What is fine-tuning?
Fine-tuning starts from a model that has already been trained on a large general corpus and trains it further on a smaller set of examples you provide. The point is to shift behaviour: a house style, a stricter output format, a domain the base model handles only roughly. Because the change goes into the weights, the model carries the new behaviour without you having to spell it out in every prompt. That is the appeal, and also the catch, since changing the weights can quietly erode skills the base model already had.

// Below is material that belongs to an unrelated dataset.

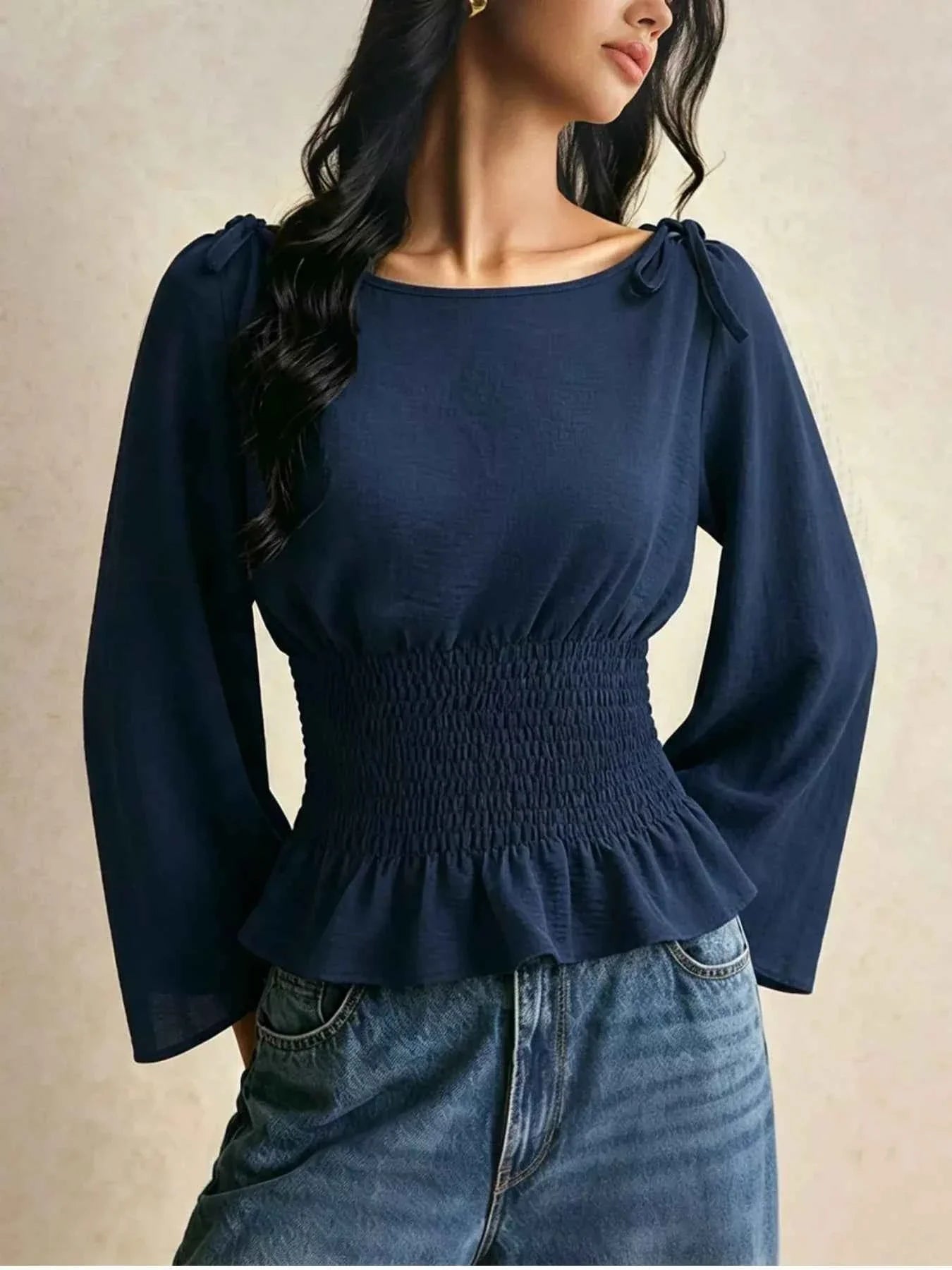 Smocked Waist Flare Sleeve Blouse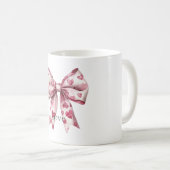 赤いハートの弓愛 コーヒーマグカップ (正面右)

How is it different from retrieval?
Fine-tuning and retrieval solve different problems and people mix them up often. Retrieval feeds the model fresh information at request time, so it is the right tool when the facts change: prices, documents, anything you would otherwise have to retrain to update. Fine-tuning bakes patterns in, which suits stable things like style and format but ages badly for facts. A good rule: if the answer is “the model does not know X”, reach for retrieval; if it is “the model knows X but keeps phrasing it wrong”, consider fine-tuning.
Do you actually need it?
Usually less often than it feels. A clearer prompt or a few worked examples in the context fixes many problems people reach for fine-tuning to solve, with no training run and nothing to maintain. When you do fine-tune, lighter adapters such as low-rank adaptation (LoRA) train a small add-on instead of every weight, which is cheaper and easier to undo. Start with the cheapest tool that works and escalate only when it does not.